Discutere con tutti dice Renzi, ma la riforma è questa: prendere o lasciare. Con il Sì l’Italia va avanti, fa finalmente le riforme di cui discute da più di trent’anni; con il No resta ferma nel mondo che cambia. Sono – ci ricorda Orfini – le riforme della Bicamerale di D’Alema: perché l’ex premier ha cambiato idea? Semplice la risposta, anche se spetta a D’Alema e non a noi darla: la Bicamerale, fatta saltare da Berlusconi, lavorava a delle riforme condivise da maggioranza e opposizione, com’è giusto quando si modificano parti importanti della Costituzione. La riforma di Renzi ha invece diviso il parlamento e soprattutto il paese. E si badi: stiamo parlando di riforme che devono durare nel tempo e sulle quali dunque un consenso quanto più ampio e bipartisan in parlamento è indispensabile per evitare che le future maggioranze possano di nuovo cambiarle a proprio piacimento.

Poi dove sta scritto che il Sì è progresso e il No è conservazione? Si diventa in Italia all’improvviso reazionari per il semplice fatto di ritenere sbagliate delle riforme su cui peraltro si è dichiarato contrario il fior fiore dei nostri costituzionalisti? La Costituzione americana, in vigore dal 1789, ha avuto in tutto questo tempo solo 27 emendamenti; la riforma sulla quale dobbiamo pronunciarci cambia 47 articoli in un sol colpo. Sono tutti conservatori anche in America?

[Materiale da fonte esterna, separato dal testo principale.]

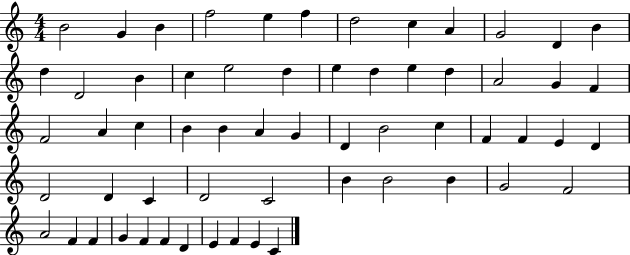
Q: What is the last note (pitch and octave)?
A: C4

Il problema è un altro. E sta tutto nella testa di chi s’improvvisa padre costituente a colpi di maggioranza in parlamento e cucinando un testo di riforma così “estensivo” da impedirci di poterne discutere (e votare) nel merito le singole parti. Tutto è stato messo nello stesso calderone. Per cui: votando No esprimiamo il nostro dissenso anche su modifiche giuste, come la “trasparenza” tra i requisiti degli uffici pubblici (art. 97) e come la limitazione per il governo di emanare decreti legge (art. 77); e con il Sì il nostro assenso anche su quelle che non ci piacciono o che, come dice Salvatore Settis, suscitano addirittura “gravi preoccupazioni”. Si tratta dei nuovi articoli 83 e  55. Secondo quest’ultimo ciascun membro della Camera dei deputati rappresenta la nazione, mentre nel vigente art.67 era ciascun membro del parlamento a rappresentarla. E dunque i senatori a vita, fra cui ex Presidenti della repubblica come Napolitano e Ciampi, ora non la rappresenterebbero più e sarebbero equiparati ai rappresentanti delle regioni presenti nel nuovo Senato.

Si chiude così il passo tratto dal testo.